# Exercise data
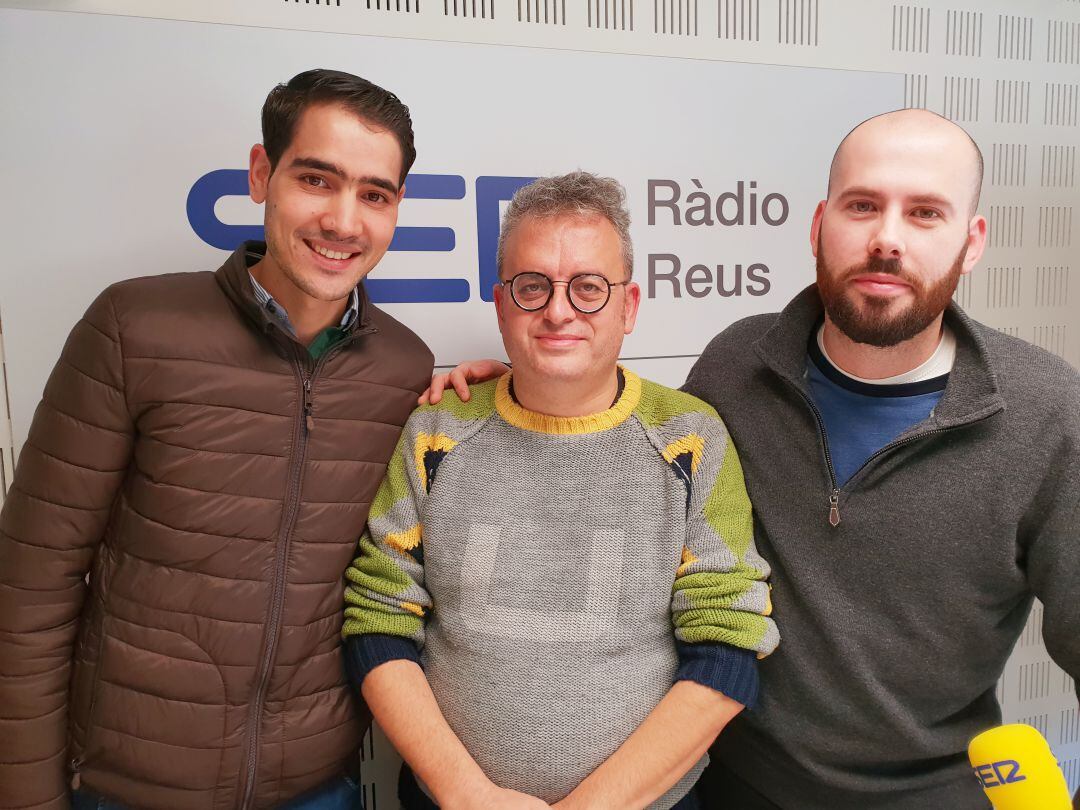 Mohamed Quauch, David Ortega i Arnau Bosch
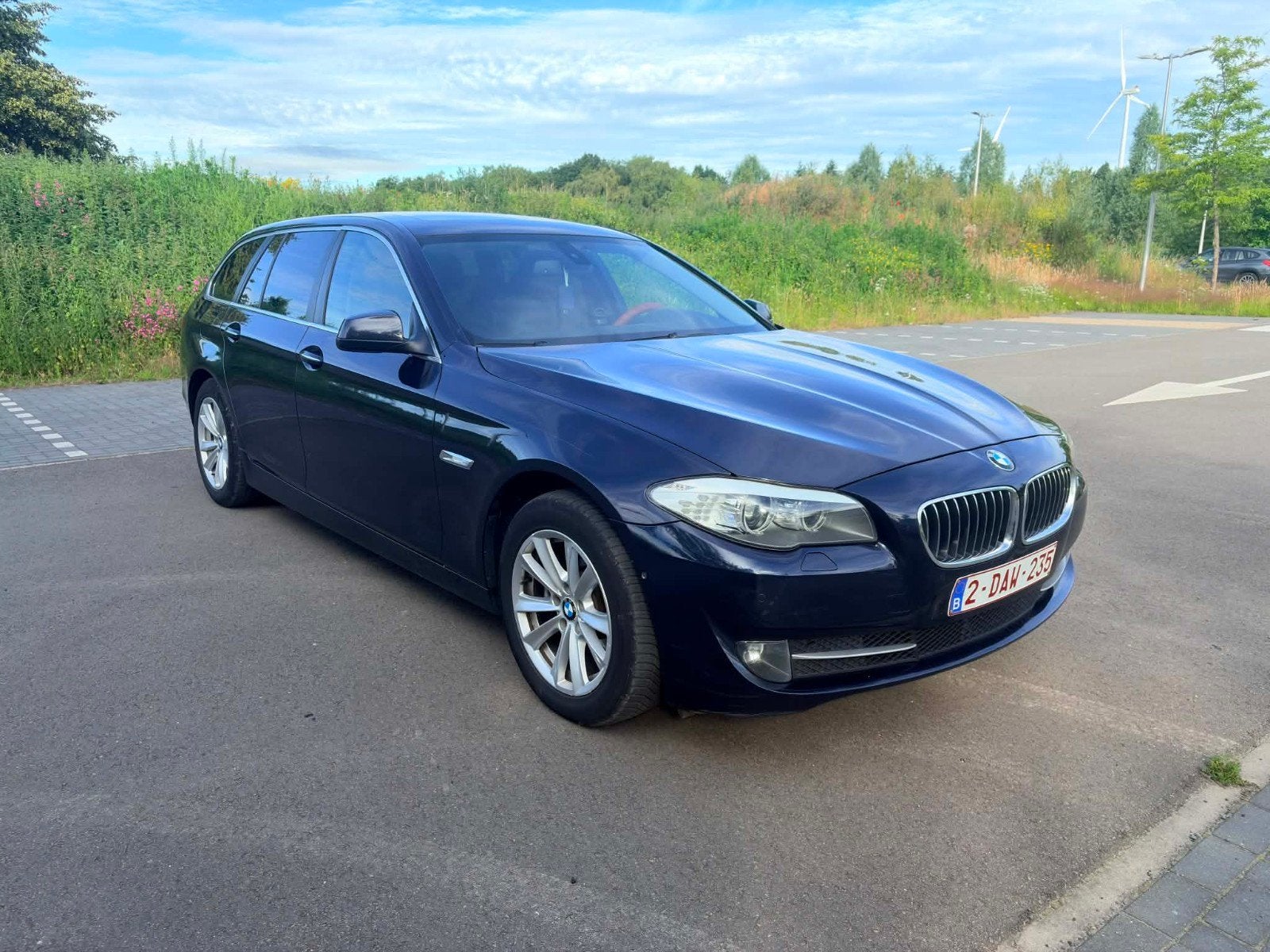 Bmw 520d Euro 5 de 2011, full option, très bien entretenu, Auto's, BMW, Particulier, 5 Reeks, ABS, Adaptieve lichten, Airbags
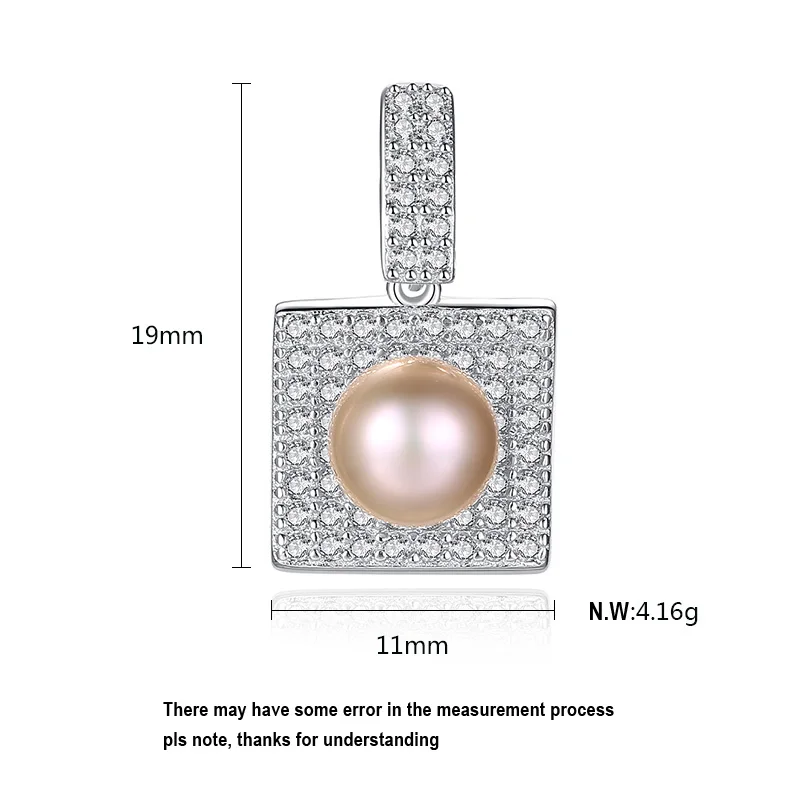 Романтический 100% из натуральной фиолетовый жемчуг Квадратные серьги леди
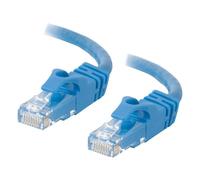 C2G Cat6 Booted Unshielded (UTP) Network Patch Cable - Cordon de raccordement - RJ-45 (M) pour RJ-45 (M) - 3 m - UTP - CAT 6 - moulé, sans crochet, bloqué - bleu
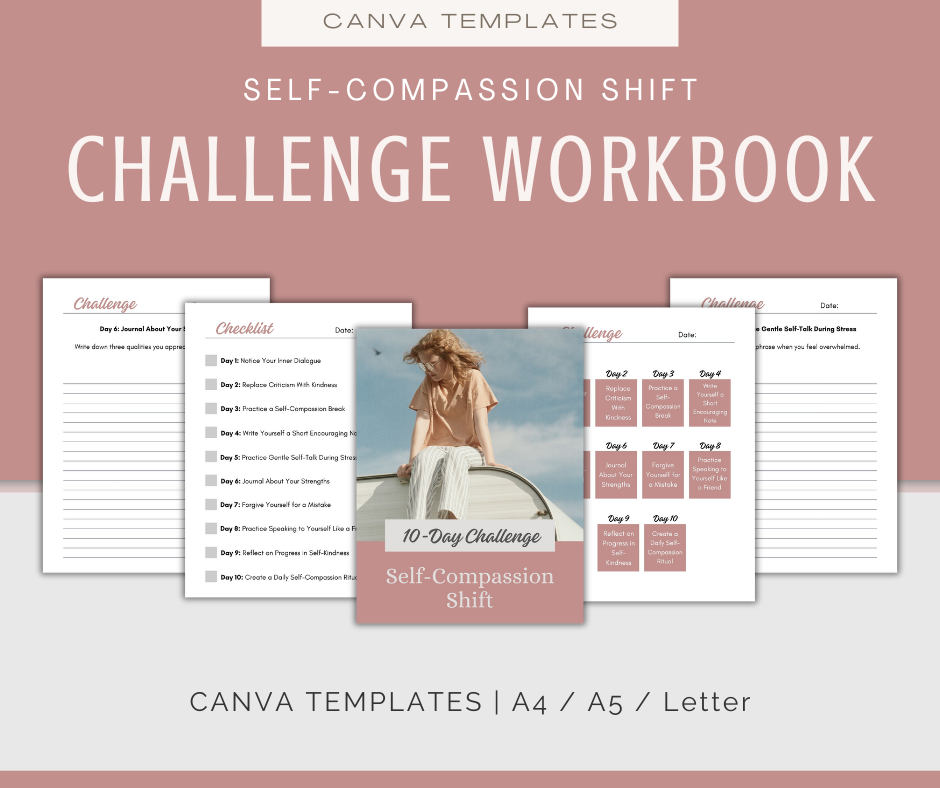 Self-Compassion Shift | MEGA Content and Templates Bundle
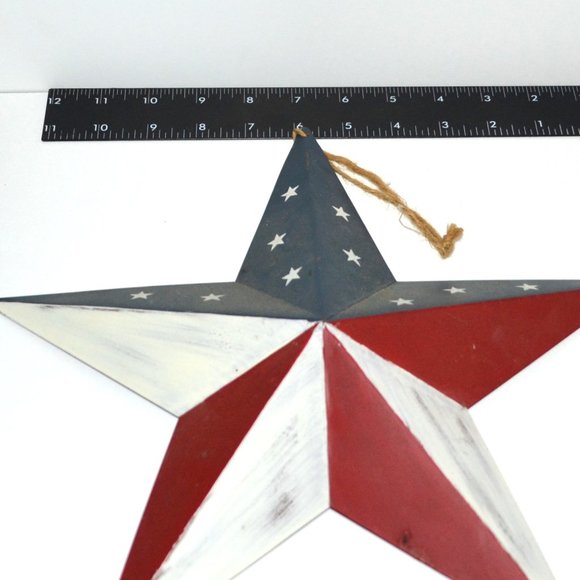 6 Pieces American Decor Set Candle Covers Stars Vintage Look Home And Ho… - Picture 7 of 10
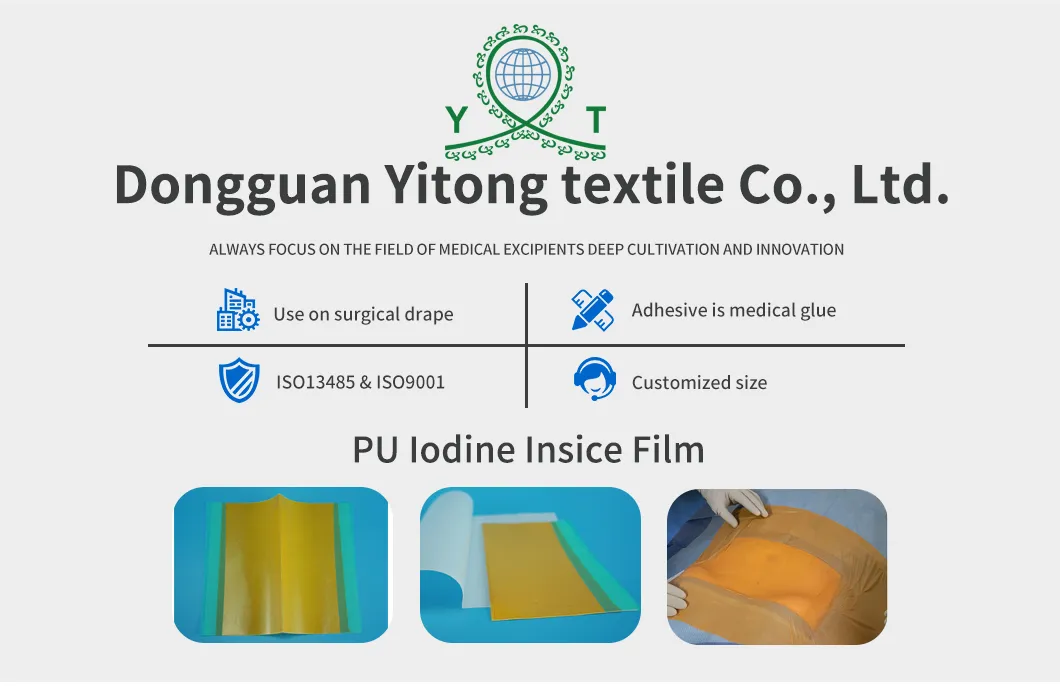 Antimicrobial Iodine Surgical Incise Drape 1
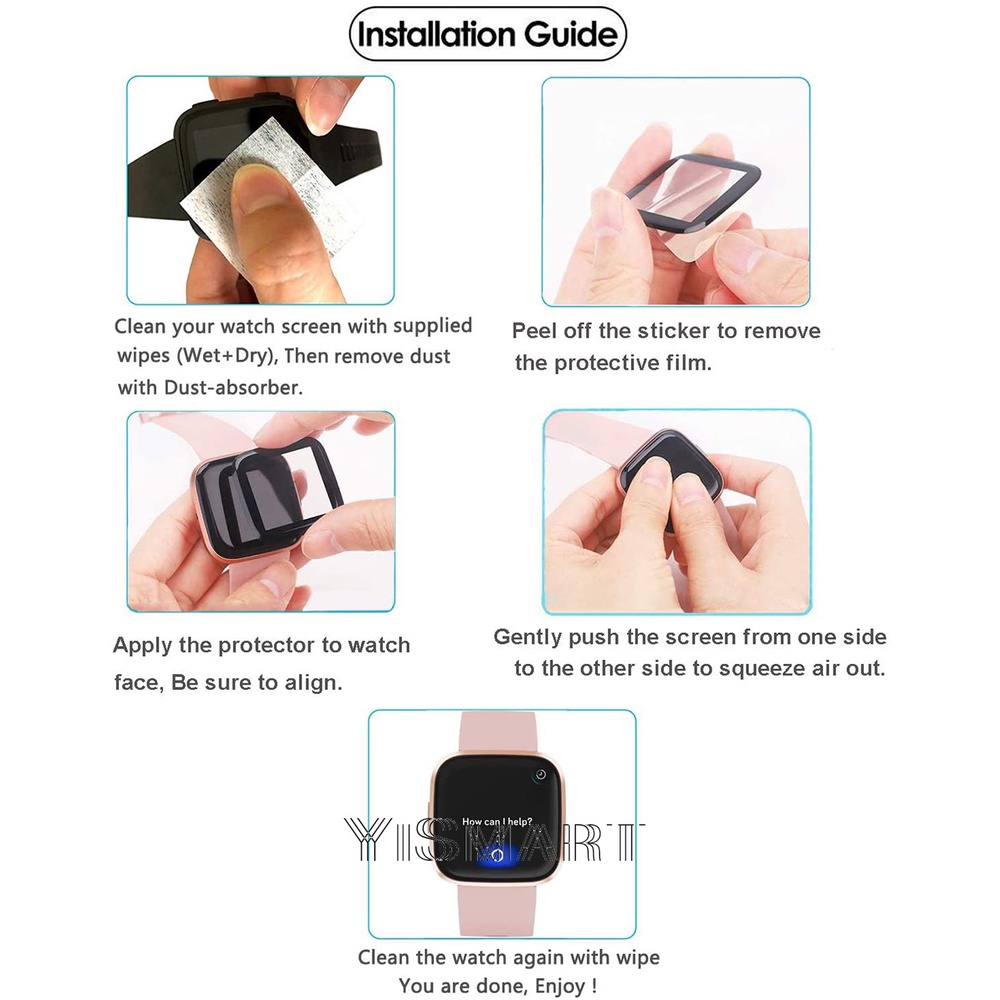 Miếng Dán Màn Hình Cong 3D HD Bằng TPU Mềm Trong Suốt Bảo Vệ Toàn Diện Cho Đồng Hồ Huawei Watch Fit / Fit Mini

# What to produce
Write out the material exactly, excluding pictures.

# Solution to this exercise
 Mohamed Quauch, David Ortega i Arnau Bosch
 Bmw 520d Euro 5 de 2011, full option, très bien entretenu, Auto's, BMW, Particulier, 5 Reeks, ABS, Adaptieve lichten, Airbags
 Романтический 100% из натуральной фиолетовый жемчуг Квадратные серьги леди
 C2G Cat6 Booted Unshielded (UTP) Network Patch Cable - Cordon de raccordement - RJ-45 (M) pour RJ-45 (M) - 3 m - UTP - CAT 6 - moulé, sans crochet, bloqué - bleu
 Self-Compassion Shift | MEGA Content and Templates Bundle
 6 Pieces American Decor Set Candle Covers Stars Vintage Look Home And Ho… - Picture 7 of 10
 Antimicrobial Iodine Surgical Incise Drape 1
 Miếng Dán Màn Hình Cong 3D HD Bằng TPU Mềm Trong Suốt Bảo Vệ Toàn Diện Cho Đồng Hồ Huawei Watch Fit / Fit Mini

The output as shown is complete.